| Task item |
In duplicating the lines below, keep every word unchanged and drop the pictures.

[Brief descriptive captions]
──────────
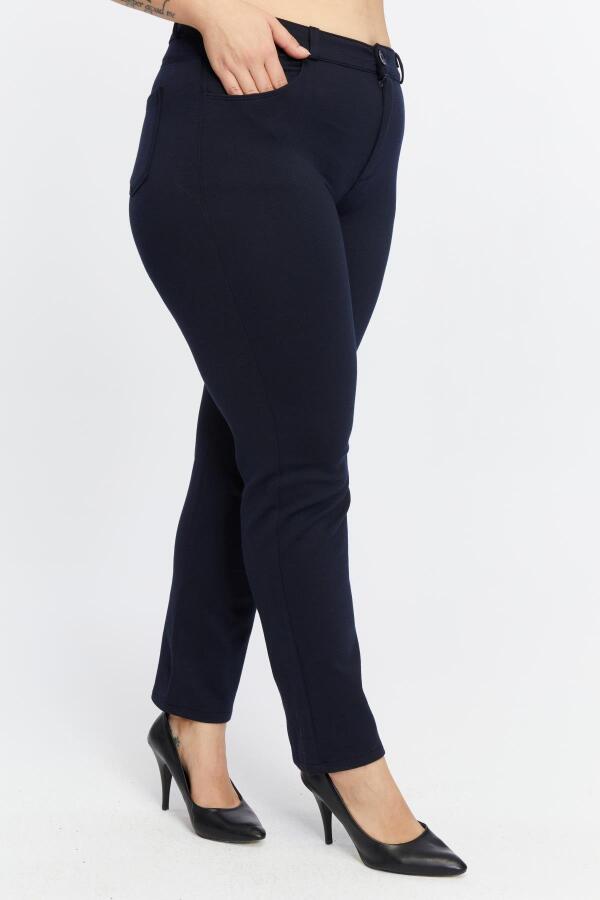Büyük Beden Çelik Örme Pantolon Lacivert - 3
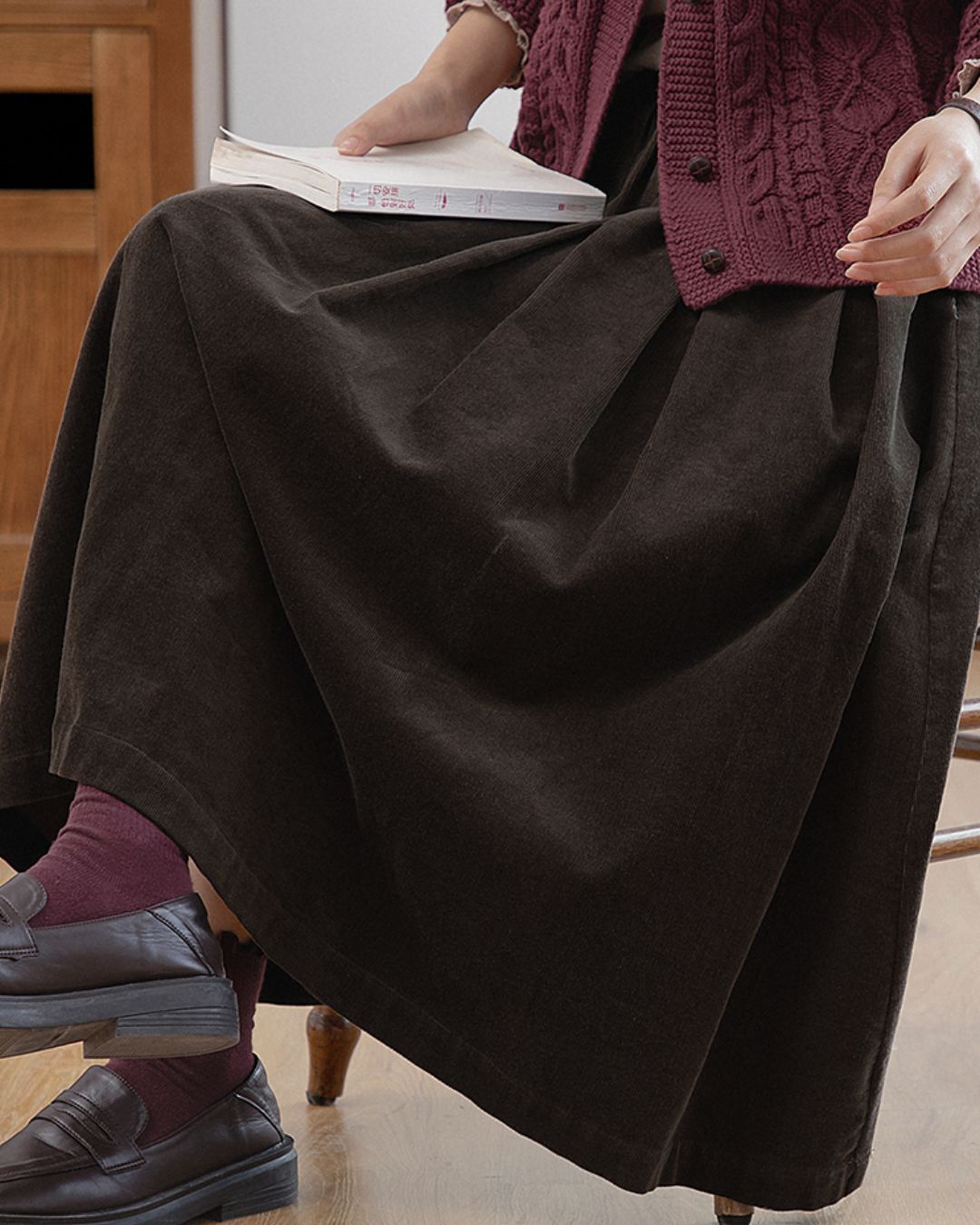 Corduroy Gathered Skirt　SK006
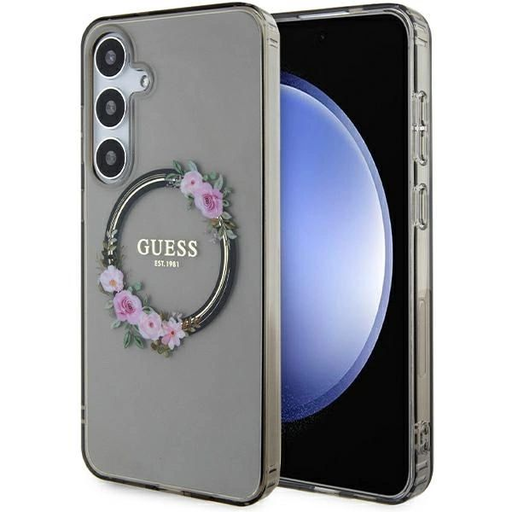 Guess IML Flowers Wreath MagSafe tok Samsung Galaxy S24+ - fekete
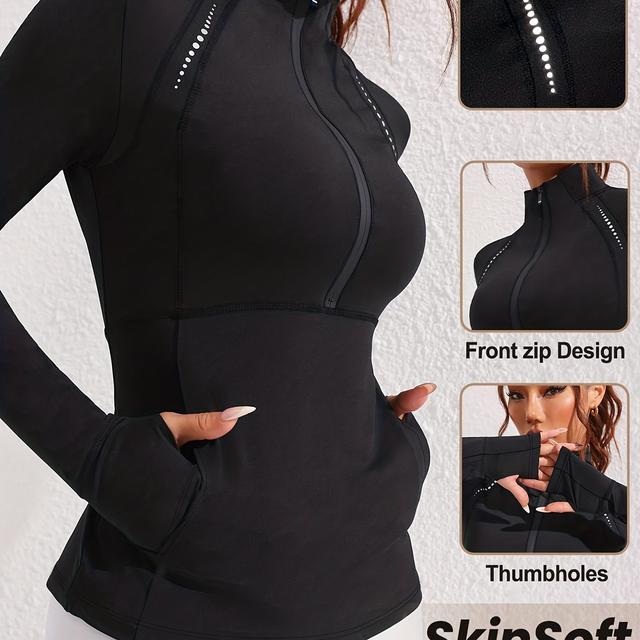 TEMU Dames hardloop- en sportjassen, veilig voor nachtelijk hardlopen, stijlvol en makkelijk voor dagelijkse winkeltochten, aansluitende tops die de figuur accentueren, met zakken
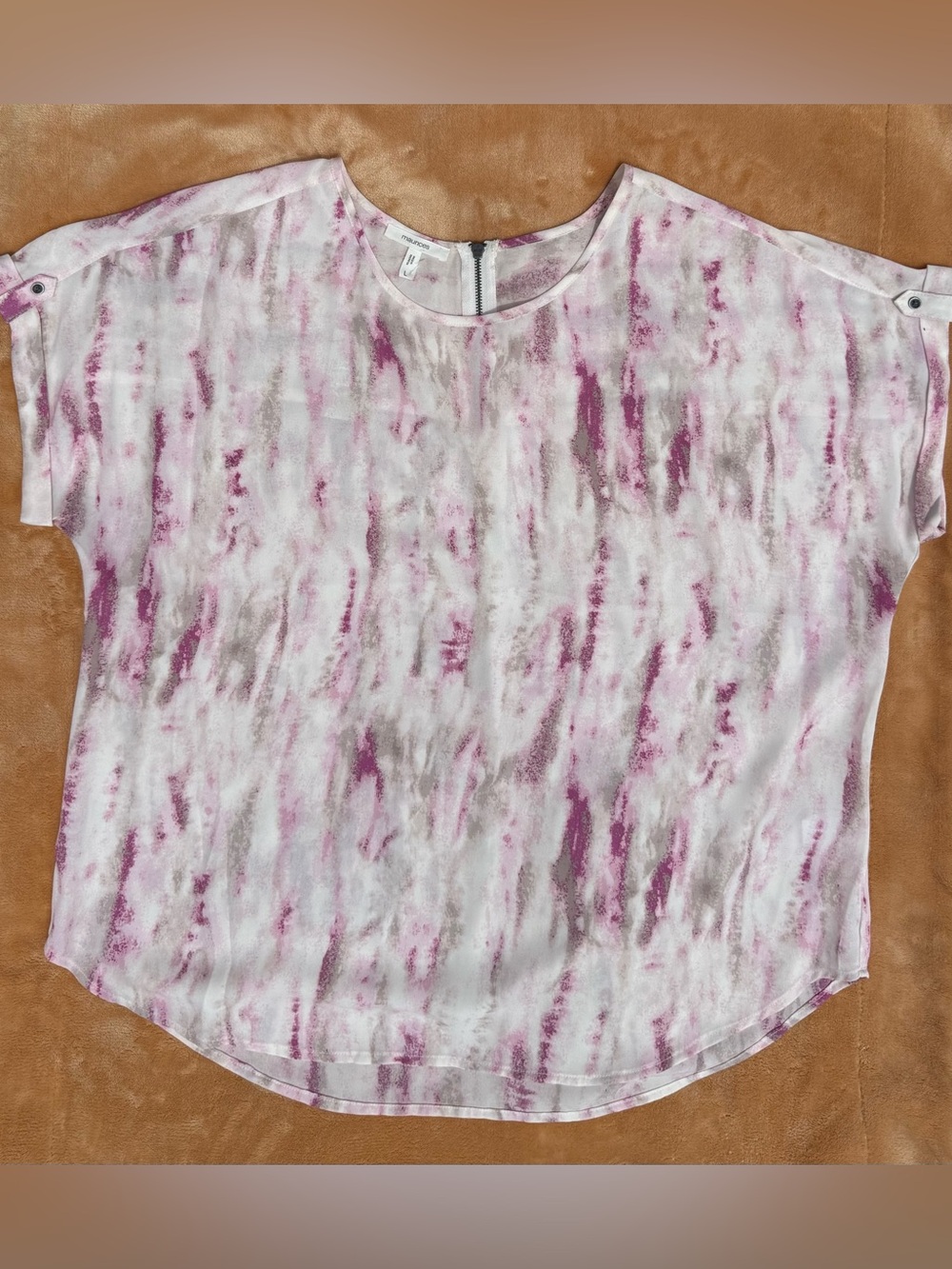 Maurices Pink & Gray Brushstroke Short Sleeve Top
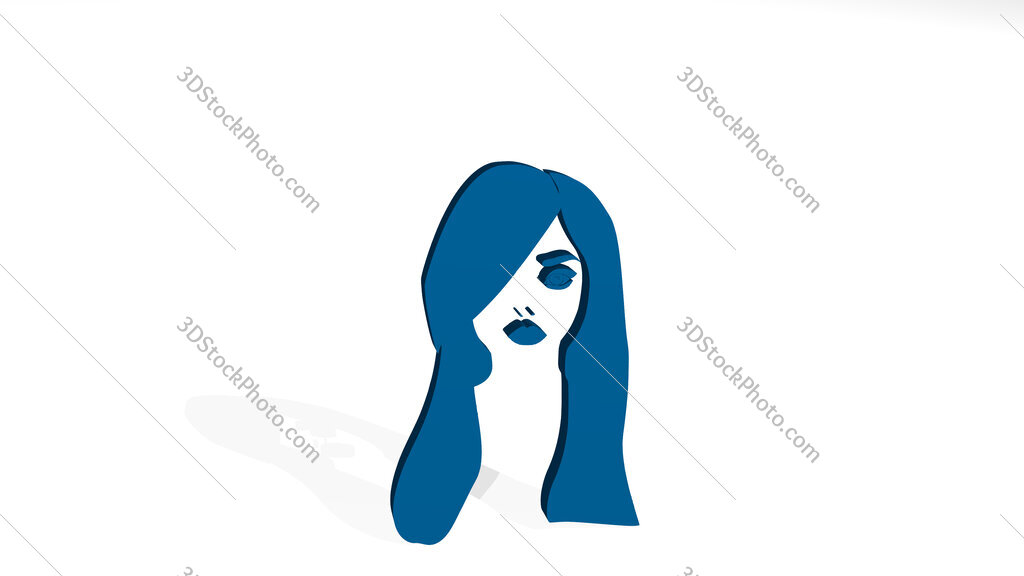 beautiful girl face with long hair 3D drawing icon on white floor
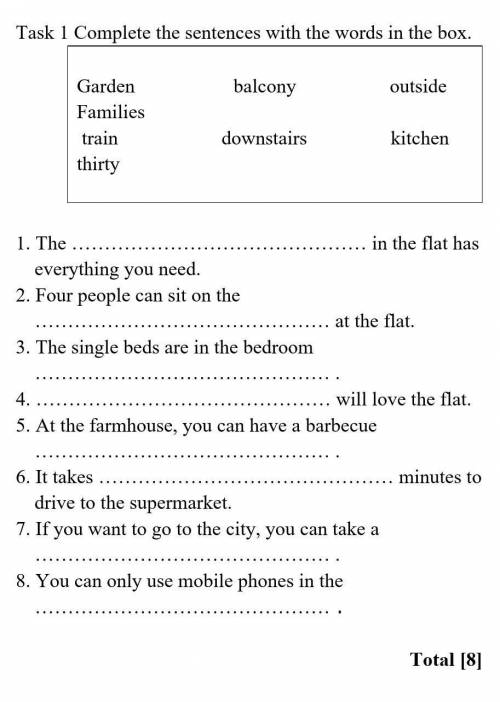 Task 1 Complete the sentences with the words in the box. Garden balcony outside Families train downs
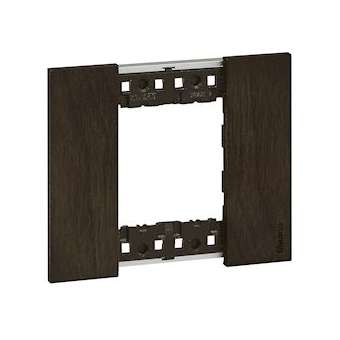 Plaque de finition Living Now Collection Les Noirs 2 modules finition Noyer|Bticino-TICBTKA4802LG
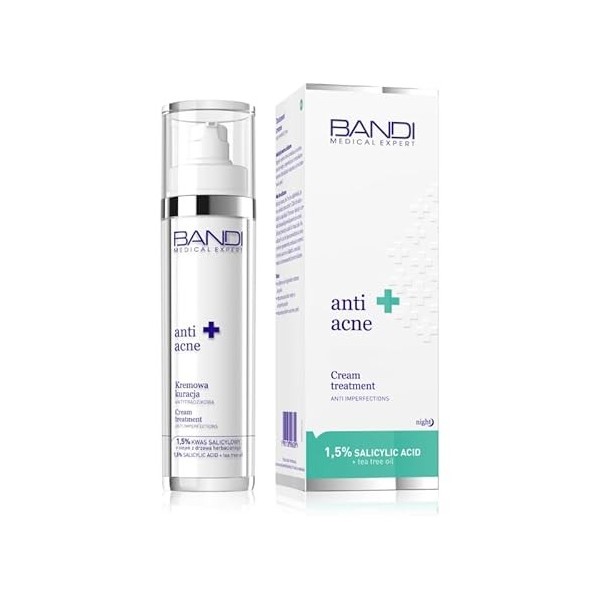 Bandi - Crème Anti-acné et Anti-imperfections Peau Grasse Soin Intensif Avec Huile Darbre à Thé et Acide Salicylique Pour Réd...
──────────
| Written response |
Büyük Beden Çelik Örme Pantolon Lacivert - 3
 Corduroy Gathered Skirt　SK006
 Guess IML Flowers Wreath MagSafe tok Samsung Galaxy S24+ - fekete
 TEMU Dames hardloop- en sportjassen, veilig voor nachtelijk hardlopen, stijlvol en makkelijk voor dagelijkse winkeltochten, aansluitende tops die de figuur accentueren, met zakken
 Maurices Pink & Gray Brushstroke Short Sleeve Top
 beautiful girl face with long hair 3D drawing icon on white floor
 Task 1 Complete the sentences with the words in the box. Garden balcony outside Families train downs
 Plaque de finition Living Now Collection Les Noirs 2 modules finition Noyer|Bticino-TICBTKA4802LG
 Bandi - Crème Anti-acné et Anti-imperfections Peau Grasse Soin Intensif Avec Huile Darbre à Thé et Acide Salicylique Pour Réd...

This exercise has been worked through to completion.